Japan ‘keeper Yoshikatsu Kawaguchi is relishing the prospect of a possible quarterfinal showdown with Australia at the Asian Cup next month and says his teammates are “burning” to avenge the defeat in their opening match at last summer’s World Cup.
Australia, which will be making its debut at the continental championship after joining the Asian Football Confederation last year, went on a late three-goal rampage to sentence Japan to a 3-1 defeat in Kaiserslautern.
Japan never recovered and went on to draw 0-0 with Croatia before making a first-round exit on the back of a 4-1 hiding by Brazil. Australia reached the second round but was sunk by a controversial late penalty in a 1-0 loss to eventual winner Italy.
“We definitely want Australia again. We are burning for revenge and that would be a very special game for us,” Kawaguchi said recently. “This might be the Asian Cup but just playing Australia has a special significance all of its own.”
The Japanese would meet Australia in the last eight if they win Group B and the Socceroos finish second in Group A, or vice versa. Japan plays cohost Vietnam, Qatar, and United Arab Emirates in the first round while Australia has been drawn against Iraq, Oman and Thailand.
One of the few players to emerge with any credit in Germany last summer, Kawaguchi played a major role in helping Japan win the last two Asian Cups in Lebanon in 2000 and China three years ago.
The former Portsmouth custodian was voted Man of the Match in the 1-0 win over Saudi Arabia in the 2000 final and stopped two spot kicks in a nerve-jangling penalty shootout win over Jordan in the 2004 quarterfinals.
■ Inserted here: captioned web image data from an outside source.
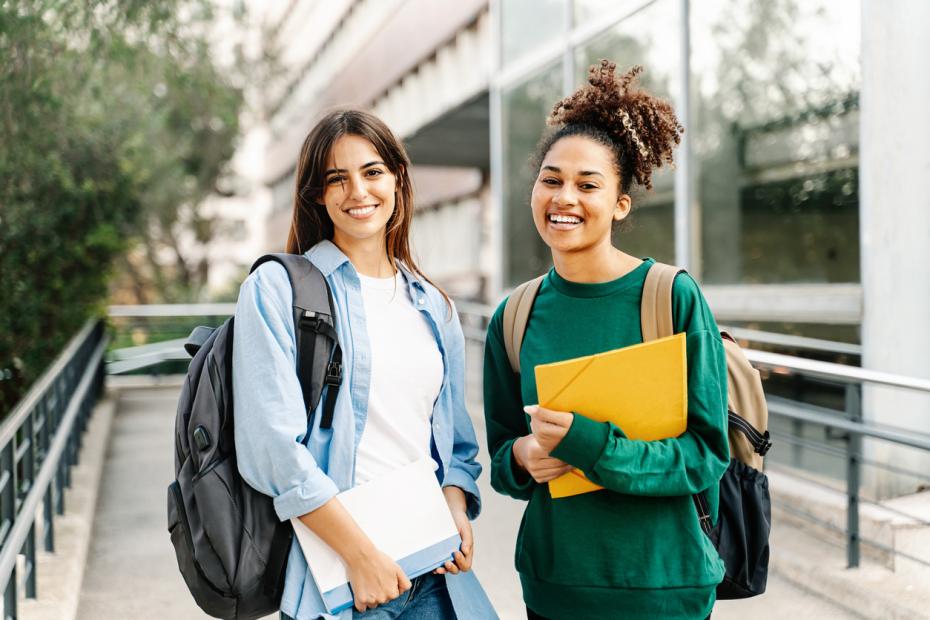 Two students outside campus smiling to camera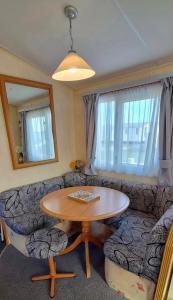 a living room with a table and a couch at MOLLIES DEN 2 8 Berth 3 Bedrooms The Grange Holiday Park INGOLDMELLS in Ingoldmells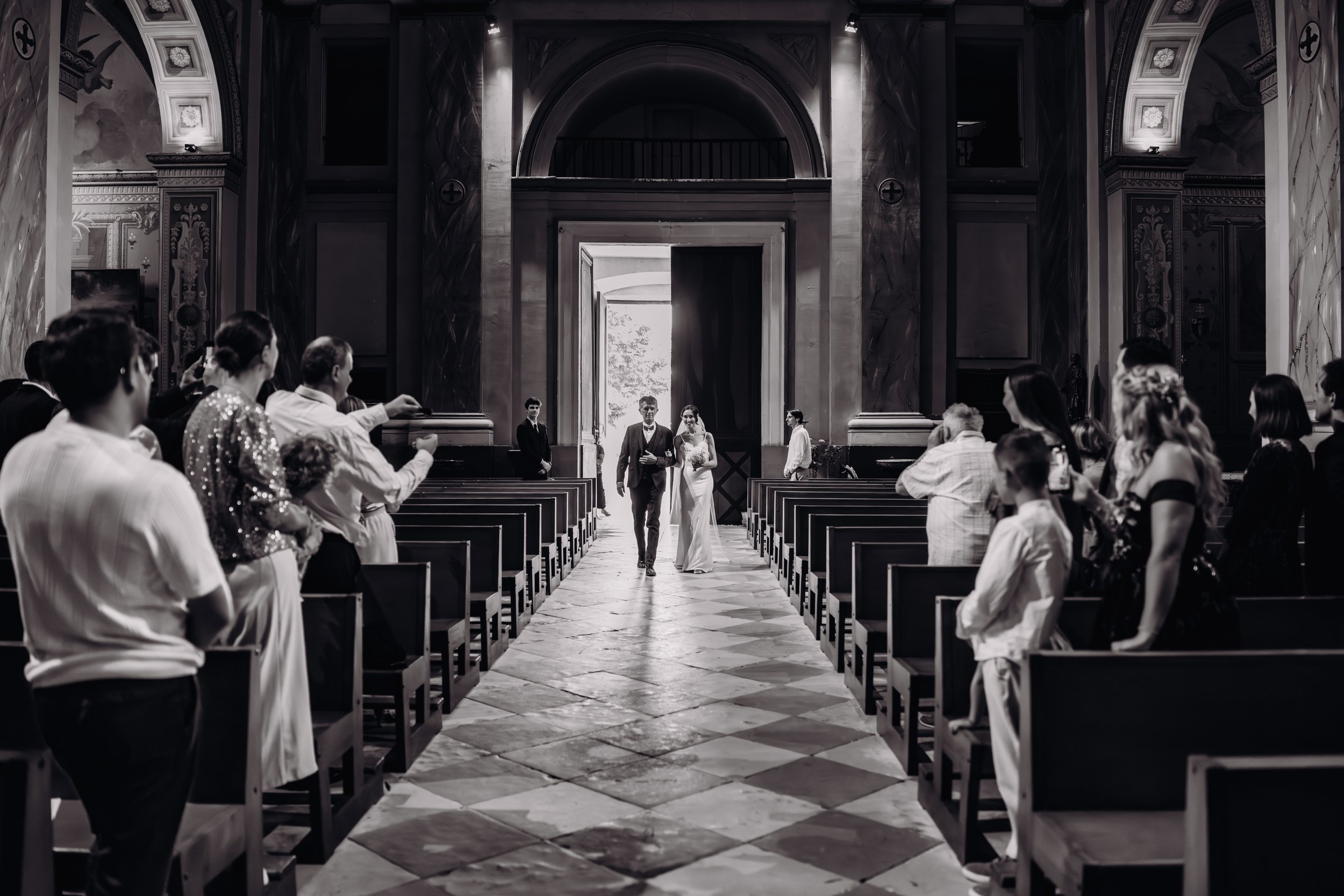 Mariage dans l'église de Seysse, près de Toulouse, en Occitanie, et on voit la mariée remonter l'allée au bras de son père. 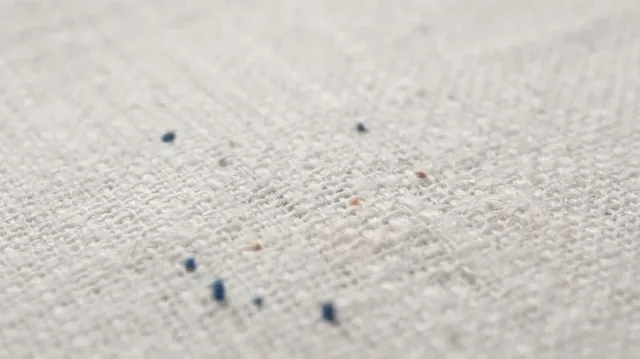 Extreme macro shot of colorful threads self-weaving into satin stitches on a woven cotton shirt fabric to form a logo.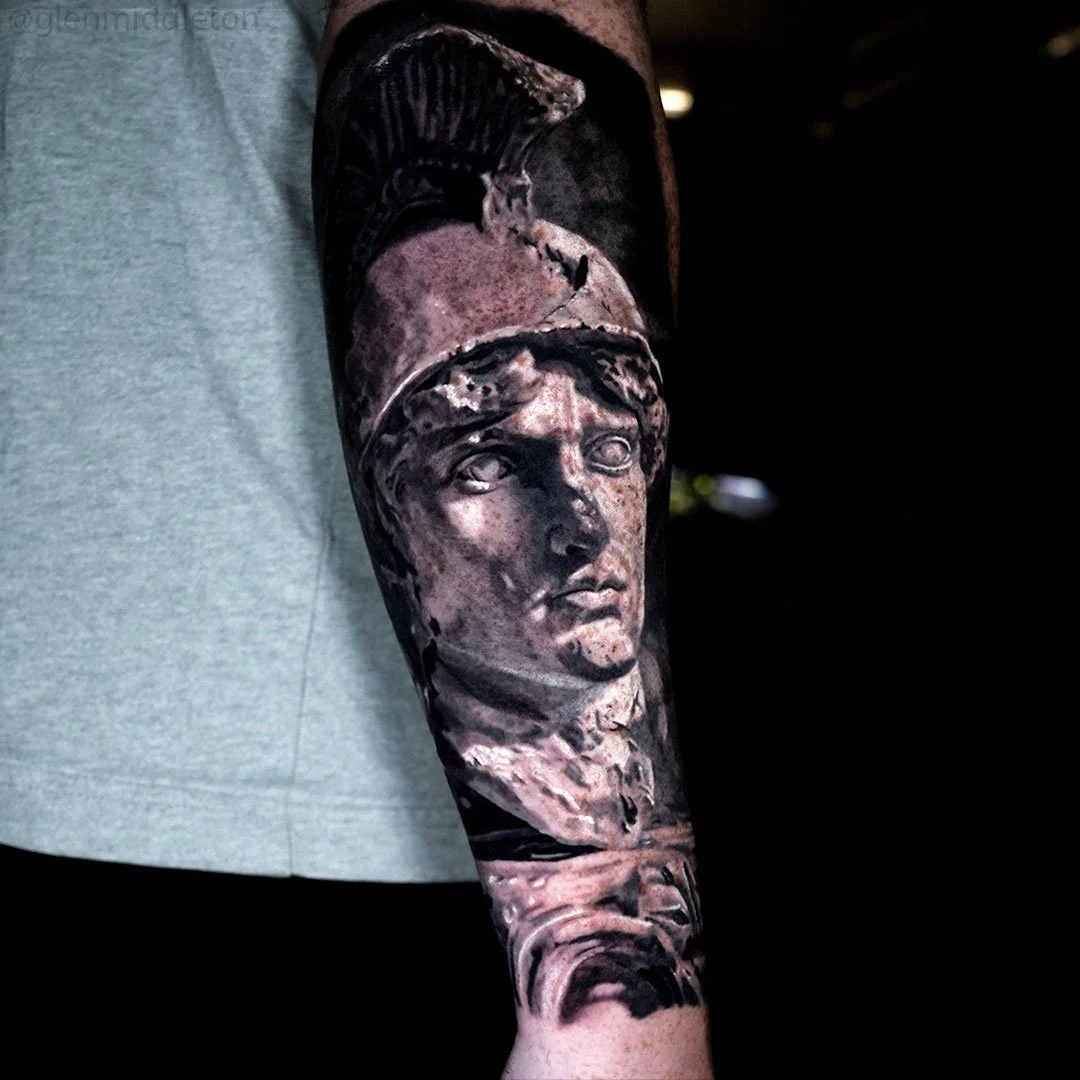 Black and grey forearm tattoo by Glen Middleton featuring a Roman soldier with shield and helmet in sculptural realism.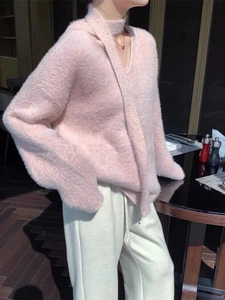 Detail of soft pink faux mink fur knit sweater with unique hollow scarf collar design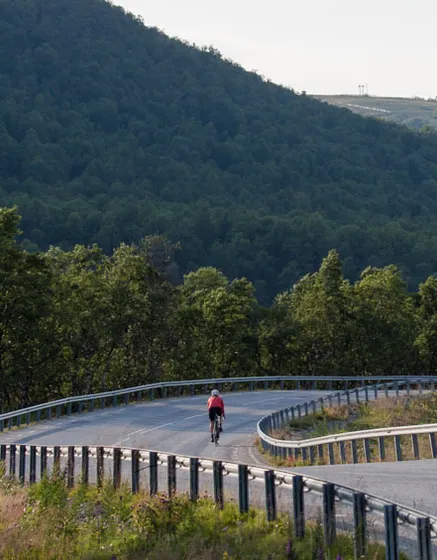 Person som cyklar landsväg i fjälldalgång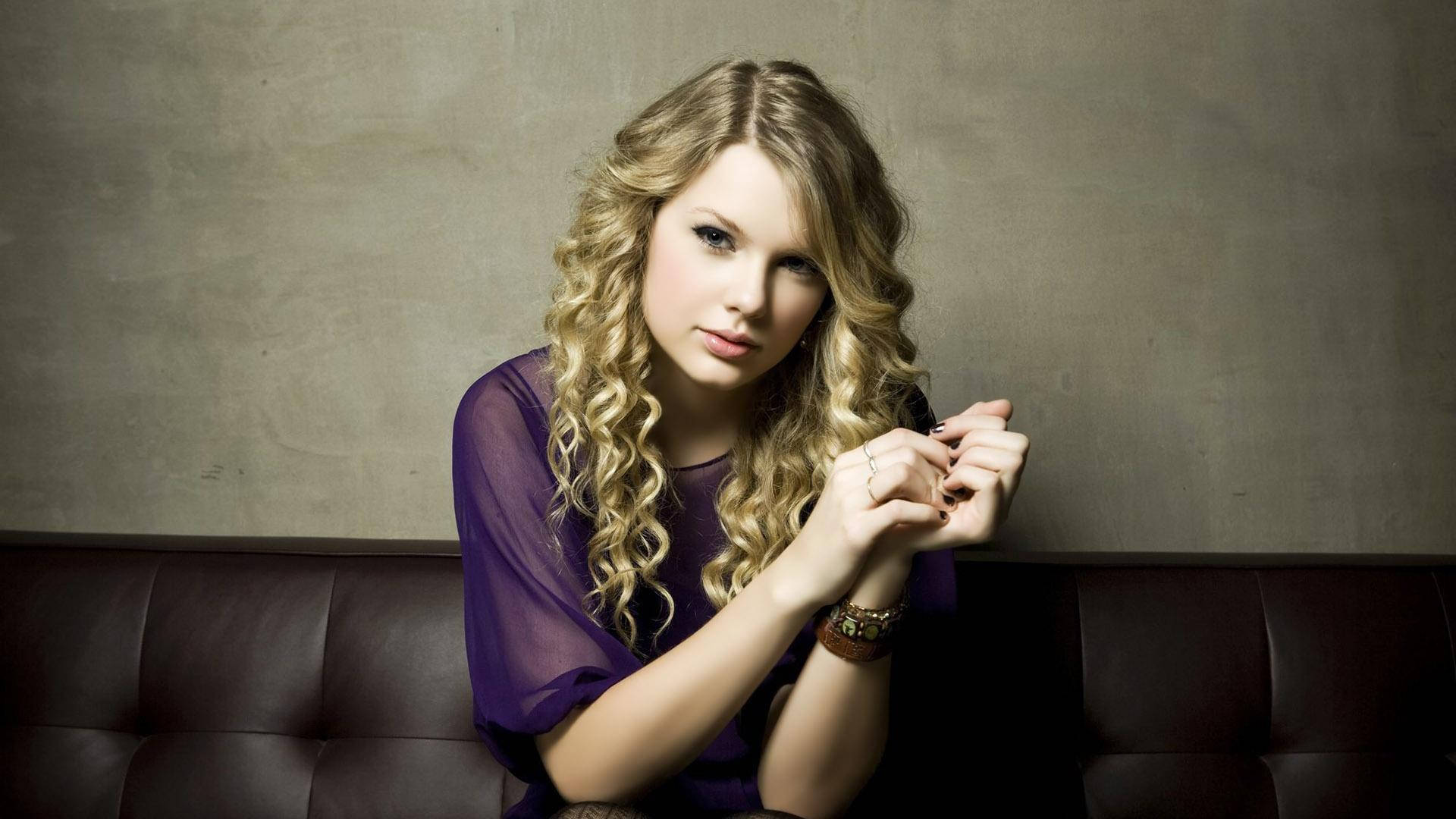 Fondo de pantalla de Taylor Swift sentada con cabello rizado y top de malla morado.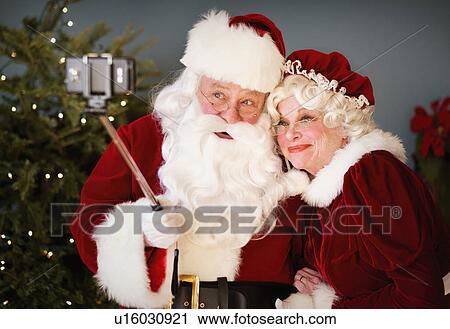 Santa and Mrs. Santa taking selfie with monopod View Large Photo Image Stock Image - Santa and Mrs. Santa taking selfie with monopod. Fotosearch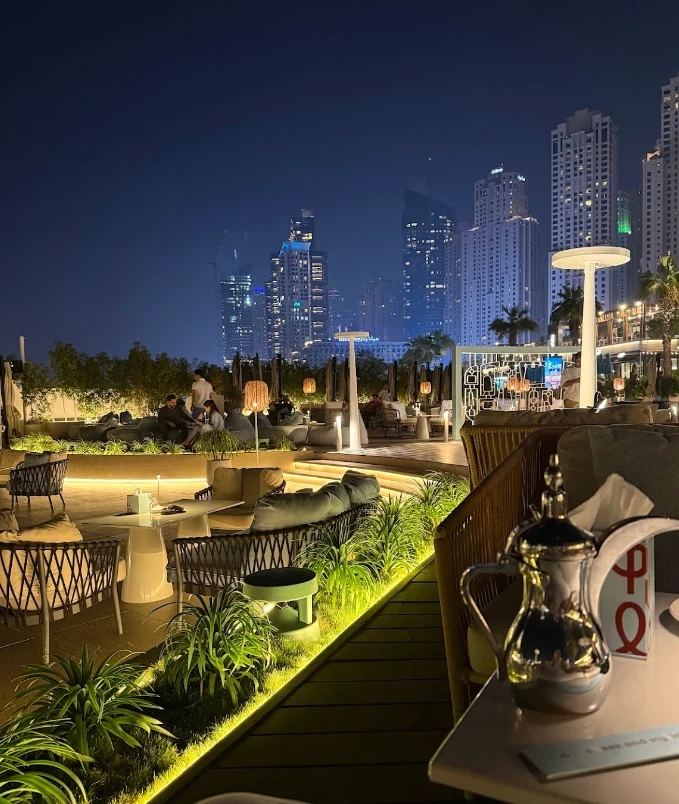 Yula Lounge rooftop with Dubai skyline at night, cozy seating area.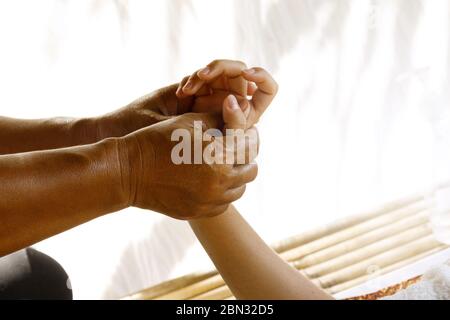 Main féminine pendant le massage thaïlandais traditionnel Banque D'Images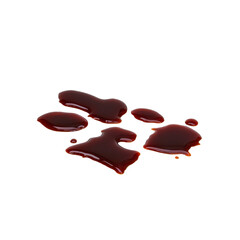 Obraz premium Puddle of dark red liquid is spread across surface, resembling spilled wine or juice. glossy texture and irregular shape create realistic and dramatic effect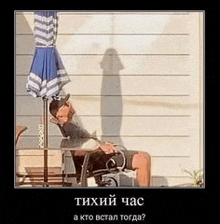 a man is sitting in a chair under an umbrella with his shadow .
“The Asian Cup is an important tournament for the team but especially for me personally. In the previous two tournaments I was in really good form and hopefully with the right preparation that will be the case this time around,” said Kawaguchi.
Japan is among the favorites to lift the title at the July 7-29 tournament being jointly hosted by Malaysia, Vietnam, Thailand and Indonesia.
However, Kawaguchi has warned against underestimating Japan’s first-round opponents and picked out 2006 Asian Games winner Qatar as a potential stumbling block.
“We are the top team, so players on the other teams will be fired up to beat us. Qatar in particular look a good team. Last time (in China) we were drawn with difficult opponents in Iran and Oman in the group stage and there won’t be any easy games this time either,” Kawaguchi said.
Japan begins its bid for a third Asian crown against Qatar in Hanoi on July 9.